How To Setup Automated Backups For Plausible

Docker

No Comments

Published: 11.09.2022

Are you interested in setting up automated backups for plausible analytics? In this post, I will show you why and how to do it! The setup is based on a self-hosted docker version that I explained in an earlier post!

Basics
Automated Backups for Plausible
Recover the data from Backups
Conclusion

Basics

The foundation for this post is the Plausible setup in docker from this post here. In addition to the containers there, we need to create a companion container for the PostgreSQL database and configure the Clickhouse container to take care of the backups.

But why should you back up your statistics data? First of all, because data loss can happen at any time if by accident or someone wanting to delete your data.
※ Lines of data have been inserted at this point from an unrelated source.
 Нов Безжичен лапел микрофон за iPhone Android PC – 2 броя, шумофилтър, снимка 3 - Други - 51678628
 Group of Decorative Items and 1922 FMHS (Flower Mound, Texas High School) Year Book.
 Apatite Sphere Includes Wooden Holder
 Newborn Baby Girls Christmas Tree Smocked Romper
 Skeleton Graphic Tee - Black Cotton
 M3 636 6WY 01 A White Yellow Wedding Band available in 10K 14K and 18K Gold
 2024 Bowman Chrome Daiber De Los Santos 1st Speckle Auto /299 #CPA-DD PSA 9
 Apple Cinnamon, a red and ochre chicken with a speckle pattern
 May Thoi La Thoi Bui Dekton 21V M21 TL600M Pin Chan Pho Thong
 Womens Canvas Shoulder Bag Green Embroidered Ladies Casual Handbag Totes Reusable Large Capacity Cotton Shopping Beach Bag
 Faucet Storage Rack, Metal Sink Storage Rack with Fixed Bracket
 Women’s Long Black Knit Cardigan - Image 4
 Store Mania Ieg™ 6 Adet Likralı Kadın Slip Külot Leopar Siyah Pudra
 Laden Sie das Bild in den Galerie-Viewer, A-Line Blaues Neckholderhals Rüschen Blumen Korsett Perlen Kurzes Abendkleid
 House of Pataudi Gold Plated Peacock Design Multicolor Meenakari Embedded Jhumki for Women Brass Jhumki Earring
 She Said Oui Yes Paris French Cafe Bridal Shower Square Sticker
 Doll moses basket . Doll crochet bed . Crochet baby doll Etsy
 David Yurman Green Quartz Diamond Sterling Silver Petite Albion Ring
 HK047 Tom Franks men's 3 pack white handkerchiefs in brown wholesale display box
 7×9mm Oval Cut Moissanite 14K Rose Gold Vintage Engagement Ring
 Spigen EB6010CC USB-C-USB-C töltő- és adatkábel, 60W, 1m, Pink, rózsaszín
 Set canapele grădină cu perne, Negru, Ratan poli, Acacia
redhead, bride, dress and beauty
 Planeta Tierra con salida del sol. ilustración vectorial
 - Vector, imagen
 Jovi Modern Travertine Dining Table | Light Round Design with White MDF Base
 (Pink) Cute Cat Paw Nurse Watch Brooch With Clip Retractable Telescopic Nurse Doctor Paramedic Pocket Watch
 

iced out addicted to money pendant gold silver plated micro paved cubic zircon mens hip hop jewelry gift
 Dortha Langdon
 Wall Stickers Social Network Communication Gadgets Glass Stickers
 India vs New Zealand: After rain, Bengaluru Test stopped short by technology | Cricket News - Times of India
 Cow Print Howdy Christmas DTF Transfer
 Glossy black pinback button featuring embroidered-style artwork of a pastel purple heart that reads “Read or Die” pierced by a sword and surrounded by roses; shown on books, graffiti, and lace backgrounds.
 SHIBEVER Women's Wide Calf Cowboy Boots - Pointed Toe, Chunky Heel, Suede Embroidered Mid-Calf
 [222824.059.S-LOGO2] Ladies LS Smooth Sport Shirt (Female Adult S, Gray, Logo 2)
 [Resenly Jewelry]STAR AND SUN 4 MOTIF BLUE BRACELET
With the help of backups, you can recover from such a data loss, most of the time with a view states back in time.

In the next section, we will set up the companion container and configure the data back up in the way we want it.

Automated Backups for Plausible

Before we start setting up the databases and the backup of the data we will create the container configurations that are needed for plausible. Therefore we create a docker-compose.yml file in the directory we like. Inside the file we will configure the containers plausible and plausible_mail:

services:
    plausible_mail:
        container_name: plausible_mail
        image: bytemark/smtp
        restart: unless-stopped

    plausible:
        container_name: plausible
        image: plausible/analytics:latest
        restart: unless-stopped
        command: sh -c "sleep 10 && /entrypoint.sh db createdb && /entrypoint.sh db migrate && /entrypoint.sh db init-admin && /entrypoint.sh run"
        ports:
            - "8000:8000"
        environment: 
            ADMIN_USER_EMAIL: mail@programonaut.com
            ADMIN_USER_NAME: admin
            ADMIN_USER_PWD: admin
            BASE_URL: http://localhost:8000
            SECRET_KEY_BASE: <key>

After that, we will first create the PostgreSQL database that stores the plausible configuration like users and the websites and the automated backing up of these. Therefore we will create the plausible_db container and the pg-backup container that is based on the postgres-backup-local image which allows for automated and scheduled backups.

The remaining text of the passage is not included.